## How to complete this task
Each record must be returned exactly, apart from the pictures, which stay out.
-- Supplied material follows --
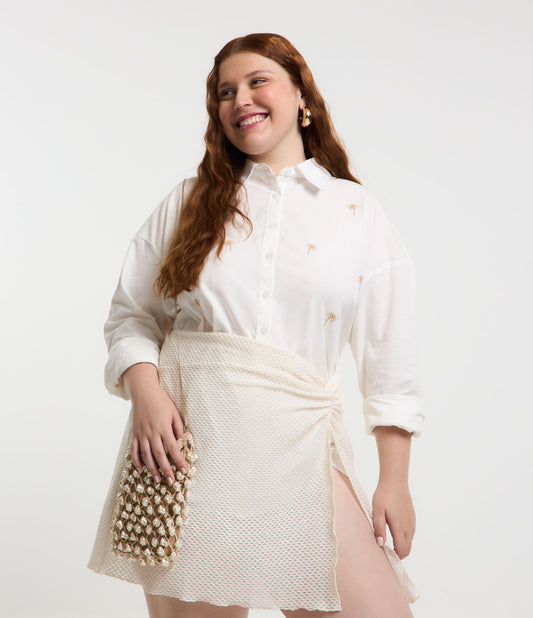 Camisa Tricoline com bordado metálico, Curve e Plus Size, Off White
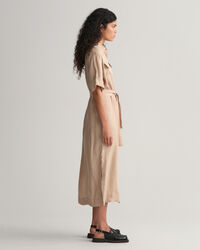 Flap Pocket Short Sleeve Shirt Dress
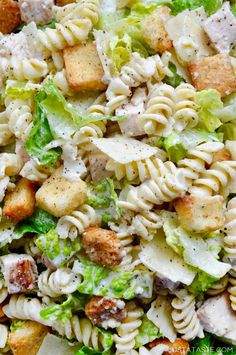 pasta salad with chicken, lettuce and croutons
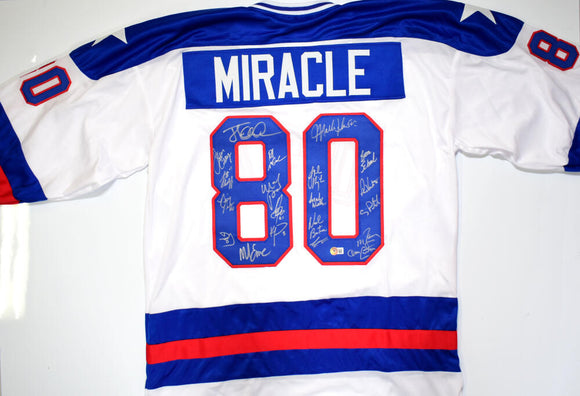 1980 Miracle On Ice Team USA Autographed White Jersey W/20 Signatures- Beckett Hologram *Silver Image 1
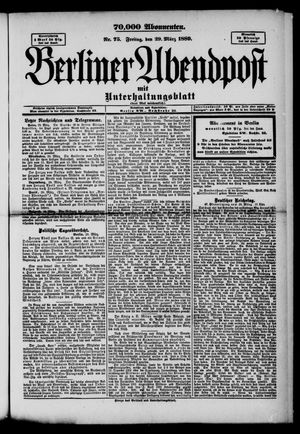 Berliner Abendpost vom 29.03.1889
-- Supplied material concluded --
## Exercise result
 Camisa Tricoline com bordado metálico, Curve e Plus Size, Off White
 Flap Pocket Short Sleeve Shirt Dress
 pasta salad with chicken, lettuce and croutons
 1980 Miracle On Ice Team USA Autographed White Jersey W/20 Signatures- Beckett Hologram *Silver Image 1
 Berliner Abendpost vom 29.03.1889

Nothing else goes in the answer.